Inland Marsh
by sambarnett
Ten thousand years ago Lake Michigan, 25 feet higher than it is today, formed the Tolleston Dunes. Now these high ridges can be viewed along the 2.6 mile Inland Marsh trail. The entrance to the trail is about 1.5 miles east of County Line Road, along US 12. The best views of the marsh can be had from the Inland Marsh Overlook, just over a half a mile west of the trail parking lot.
Dune Succession Trail
by Toughluck
The trail is 7/10th of a mile (1.2 km) long and makes a roundtrip up through the high dunes to the east of the West Beach Bathhouse from the beach to the parking area.
"The Beach"
Stop #1; Learn about how beaches grow into dunes. Sand movements can actually be felt near the surface. Since the walkway is built above the sand, you'll have to reach down and through the railings. Keeping your hand just a short distance off the ground, you'll be able to feel the sand moving with each puff of wind.
"Dune Builders"
Stop #2; Plants take hold, the first is often marram grasses. These grasses have root systems that dive deep into the sand seeking moister. The grasses can withstand being blasted by fine sand. If you rub up against it, you'll find out that the grass is as tough as rock and sharp.
"Wind Breaks"
Stop #3; On the leeward side of the dune (out of the direct wind), these is less motion. Here other plants begin to grow. The most common flowers are little bluestem and yellow flowered puccoon.
"Pines take root"
Stop #4; It is also on the leeside that larger plants. The jack pine is one fo the first trees to grouw as it's adapted to broken ground. It needs open, disturbed areas to root. It makes it's colonies where other plants have been removed. The bearberry also likes open ground. Unlike the pine, it's a short plant, but it's rugged leaves and stiff branches help it survive in this hostile environment. It stays short and close to the ground, growing upwards with the increasing sand, until it's roots lock the sand in place.
"Interdunal ponds"
Stop #5; In spite of the sand, which bleeds water right through, the low areas, often hold water. Part may be a high water table, another part may be that these low places are often older soils, which are less sandy. Here, you'll find water loving plants like the baltic rush.
"The process undone"
Stop #6; A blowout is a place where the sand dunes had been stable with plants, maybe even forest of oaks growing across a wide area. A disturbance on the lake side (up wind), undermines one or two root systems, and then the whole process become undone.

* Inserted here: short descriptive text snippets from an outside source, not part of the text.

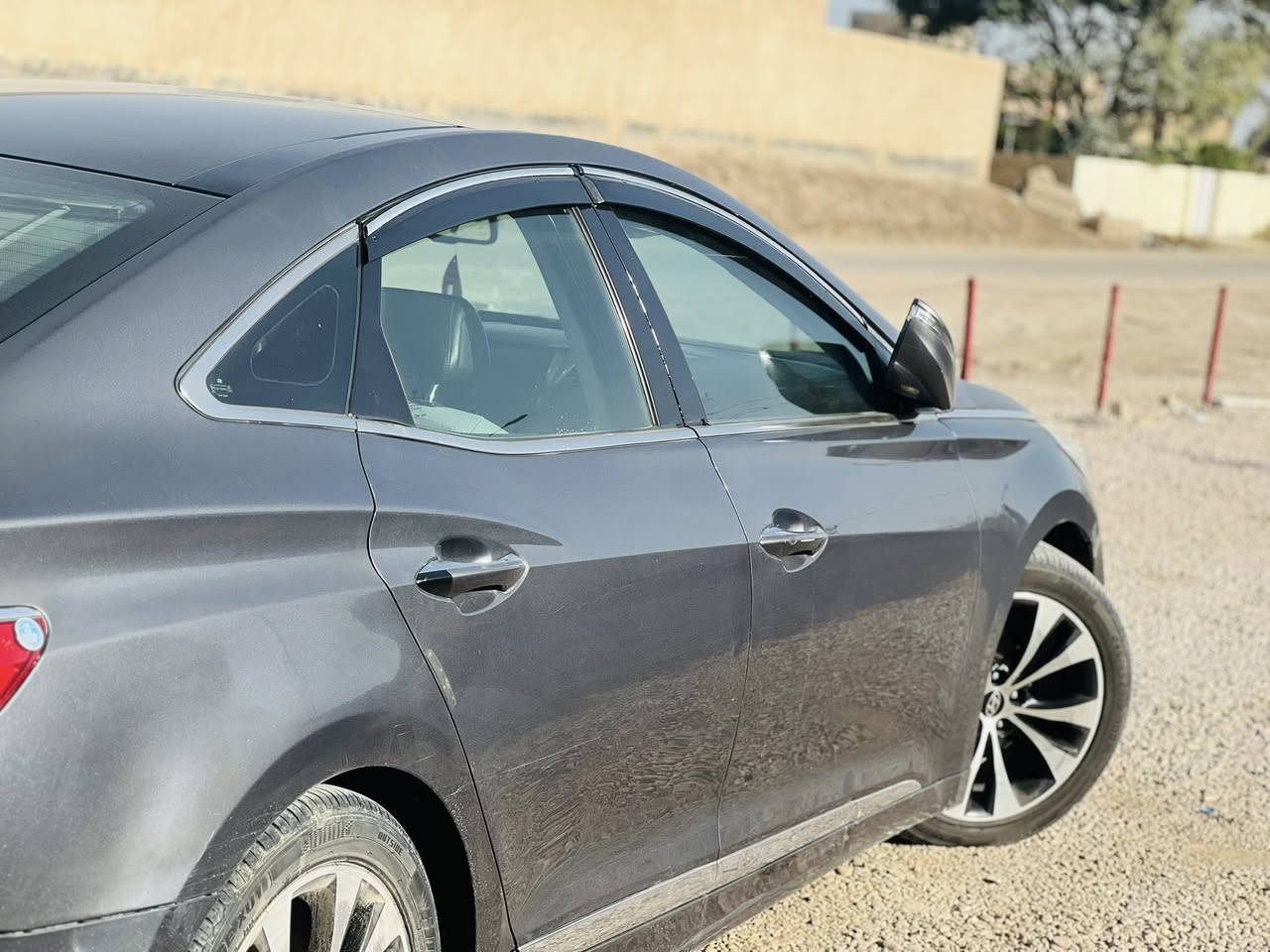 سلام عليكم من رخصه مدير الاكروب ازيره موديل ١٢ بسمي رقم بغداد سياره بيه قطعتين صبغ مواصفات فوول بنو راما فتحه سقف تحكمات خزن ميموري مري شفط ترحيب عن بعد بصمه تشغيل بصمه ابواب السياره جاهزه عله اخر حبايه مكينه كير خير من الله برده خلفيه رادارات اماميه خلفيه منضومه زينون عالي ناصي 
السياره خليجيه 
تخم تاير جديد
باتري جديد
حداديه جديد
ماتصرف عليه ربع 
بأسمي تحويل ثاني يوم 
مكان بابل القاسم 
رقم ***********
السعر ١١٠ وبيه مجال بسيط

The wind digs under the plants, they up root, they slide down hill, they die from lack of nutrients. Any number of reasons, open the soil to the cutting ferocity of the wind. A channel forms from upwind (north - the lake front) cutting through dunes, woods, and wetlands. The entire system is upset and bare sand once again is moving across the landscape. Before settlement, there were blowout over 100 meters (110 yards) long. There is a large blowout near Grand Haven, Michigan (Rosy Mound Park) that could house a football stadium.
"The woods take hold"
Stop #7; The 'end' is when the forest takes hold and the dunes disappear under the green rolling landscape. Black Oaks are the most common trees that can live in this dry climate. Even if it looks like rich soil and a carpet of green, just underneath is sand. Sand that can be ten's of feet or 100's of feet deep. Plants have to catch as much water in their leaves and in the thin soild around them. Those plants that do this and those that can send roots deep will survive.
In addition to the Black oaks which can tower 80-100' (75-90 m) have shorter friends in the sassafras and Ironwood trees in the understory.